L’Hammill des allemands

par Adehoum Arbane  le 08.06.2021  dans la catégorie C'était mieux avant

Moins connu que Max Beckmann, Otto Dix ou George Grosz, Rudolf Schlichter est pourtant un représentant éminent de la Nouvelle Objectivité par son style tranchant et singulier. Sa Dame à l’écharpe rouge (rapide avec la lune) ne sera pas restée dans les mémoires, il n’en demeure pas moins que sa découverte relève du choc émotionnel et esthétique. La netteté du trait, le caractère saillant des couleurs, la composition à la fois hyper réaliste proche de la photographie et le décor hautement fantastique lui donnent des allures de chef-d’œuvre méconnu, voire incompris. Le propre d’une œuvre picturale, une peinture en l’occurrence est d’être figée, presque éternelle. Cet état permet au spectateur de la scruter dans les moindres détails, d’y revenir à l’occasion d’une exposition – l’idéal – ou en feuilletant un catalogue ou un livre d’art. L’importance prise par Internet dans nos vies élargit bien sûr le champ des possibles en la matière. On peut maintenant vivre avec la Dame à l’écharpe rouge, sous la forme d’un fond d’écran d’ordinateur, de téléphone ou de tablette. La Dame à l’écharpe rouge est partout.  

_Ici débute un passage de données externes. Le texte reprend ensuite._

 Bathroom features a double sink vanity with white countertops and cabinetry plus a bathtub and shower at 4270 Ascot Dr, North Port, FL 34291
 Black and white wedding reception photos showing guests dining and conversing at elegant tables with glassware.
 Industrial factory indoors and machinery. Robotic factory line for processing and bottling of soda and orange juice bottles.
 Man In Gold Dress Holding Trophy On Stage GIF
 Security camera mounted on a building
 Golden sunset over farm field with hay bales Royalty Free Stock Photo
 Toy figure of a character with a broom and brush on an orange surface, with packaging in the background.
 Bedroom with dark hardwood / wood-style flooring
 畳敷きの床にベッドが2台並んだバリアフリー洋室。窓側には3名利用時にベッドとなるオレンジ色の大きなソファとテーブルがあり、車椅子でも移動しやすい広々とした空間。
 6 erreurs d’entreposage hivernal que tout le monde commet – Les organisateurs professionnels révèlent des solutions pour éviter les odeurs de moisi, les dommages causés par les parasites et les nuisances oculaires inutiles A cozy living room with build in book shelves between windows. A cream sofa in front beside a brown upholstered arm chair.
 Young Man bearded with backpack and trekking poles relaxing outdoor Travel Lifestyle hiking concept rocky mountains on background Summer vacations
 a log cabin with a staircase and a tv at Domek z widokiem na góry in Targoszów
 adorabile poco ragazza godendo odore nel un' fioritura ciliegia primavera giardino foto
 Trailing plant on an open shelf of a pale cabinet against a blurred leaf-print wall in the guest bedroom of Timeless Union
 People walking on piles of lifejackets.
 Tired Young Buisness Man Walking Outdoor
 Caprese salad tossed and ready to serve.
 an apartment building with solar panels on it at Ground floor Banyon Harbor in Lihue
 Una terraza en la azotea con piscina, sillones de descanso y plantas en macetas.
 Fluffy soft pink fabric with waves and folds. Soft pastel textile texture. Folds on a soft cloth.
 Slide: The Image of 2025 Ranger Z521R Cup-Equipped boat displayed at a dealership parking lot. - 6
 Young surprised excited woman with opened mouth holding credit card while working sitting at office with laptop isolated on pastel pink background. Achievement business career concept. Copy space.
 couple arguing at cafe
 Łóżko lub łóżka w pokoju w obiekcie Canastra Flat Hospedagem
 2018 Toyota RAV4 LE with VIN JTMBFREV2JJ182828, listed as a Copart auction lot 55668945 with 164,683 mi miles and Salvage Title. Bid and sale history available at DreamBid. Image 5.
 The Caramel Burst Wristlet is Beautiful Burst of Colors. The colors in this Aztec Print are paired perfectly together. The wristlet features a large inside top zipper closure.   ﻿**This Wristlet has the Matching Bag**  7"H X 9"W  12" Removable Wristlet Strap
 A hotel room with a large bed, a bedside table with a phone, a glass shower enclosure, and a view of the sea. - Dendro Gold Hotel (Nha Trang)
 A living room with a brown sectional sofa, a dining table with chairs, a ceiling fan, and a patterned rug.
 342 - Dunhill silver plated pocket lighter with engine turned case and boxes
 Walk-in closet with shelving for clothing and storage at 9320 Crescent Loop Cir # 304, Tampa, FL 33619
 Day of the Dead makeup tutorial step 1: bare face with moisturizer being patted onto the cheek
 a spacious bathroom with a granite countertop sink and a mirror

Et à l’observer, cette dame étrangement belle, on ne peut s’empêcher de songer à un groupe, un artiste et un album. Il s’agit de Peter Hammill, leader de Van der Graaf Generator et de son troisième album en solo, The Silent Corner and The Empty Stage. L’histoire du groupe est complexe, elle commence discographiquement en 1969, année de naissance du rock progressif, avec un premier album déjà abouti, The Aerosol Grey Machine. Suivront trois œuvres fondatrices publiées chez Charisma : The Least We Can Do Is T Wave Each Other et H to He, Who Am The Only One en 1970 et Pawn Hearts en 1971. Le groupe se sépare après cette période de création intense, ponctuée de concerts, et Hammill de continuer sous son propre nom. Entre 71 et 75, il sort Fool’s Mate, Chameleon In The Shadow Of The Night, The Silent Corner and The Empty Stage, In Camera et Nadir’s Big Chance. Deux précisions importantes : les membres du VdGG l’accompagnent, tous ces disques sont grandioses. Même sans la marque Van der Graaf, la qualité et l’intensité n’auront pas baissé. Mais alors pourquoi The Silent Corner and The Empty Stage ? Et pourquoi l’évoquer au côté de la Dame à l’écharpe rouge ? Plusieurs raisons. La première relève du pur hasard : c’est l’artiste allemande Bettina Hohls qui réalisa l’artwork du vinyle. Jusque-là rien de structurant. 

La comparaison vaut pour des aspects d’ordre esthétique : l’ambiance des disques de VdGG en général et de Peter Hammill en particulier. On trouve dans cet album de 74 un son d’une clarté incroyable. On y distingue chacun des instruments, à commencer par l’orgue de Banton qui semble jouer le rôle de diapason. De la même manière que la peinture de Schlichter nous apparait dans sa plus troublante pureté. La voix de Hammill est un marqueur stylistique. Elle est habitée, tourmentée, parfois théâtrale. Très étrangement, elle convient merveilleusement au visage qui la restitue et dont la finesse des traits, l’expression parfois tordue, notamment le regard, en constitue, si l’on peut dire, un écho visuel. Cette femme, sorte de Peter Peint, pourrait avoir, de par sa pose angulaire, maniérée, un lien de parenté avec le famélique singer-songwriter. Quant aux chansons en elles-mêmes, elles illustrent toutes, chacune à sa façon, la folie calme du tableau. Toute la musique de Hammill, seul ou en formation, est dominée par ce rapport de force entre moments de plénitude et explosions psychiatriques comme sur A Plague Of Lighthouse Keepers. Et Silent Corner and The Empty Stage n’échappe pas à la règle. L’équilibre est parfaitement respecté comme dans le tableau Schlichter. Droiture du modèle, beauté diaphane, regard bleu à la limite de la pâleur et derrière un paysage lunaire, presque dévasté, harmonieux certes mais pour le moins inquiétant. Pour l’anecdote, il existe une rétrospective en deux parties appelée The Calm After The Storm et The Storm Before The Calm. 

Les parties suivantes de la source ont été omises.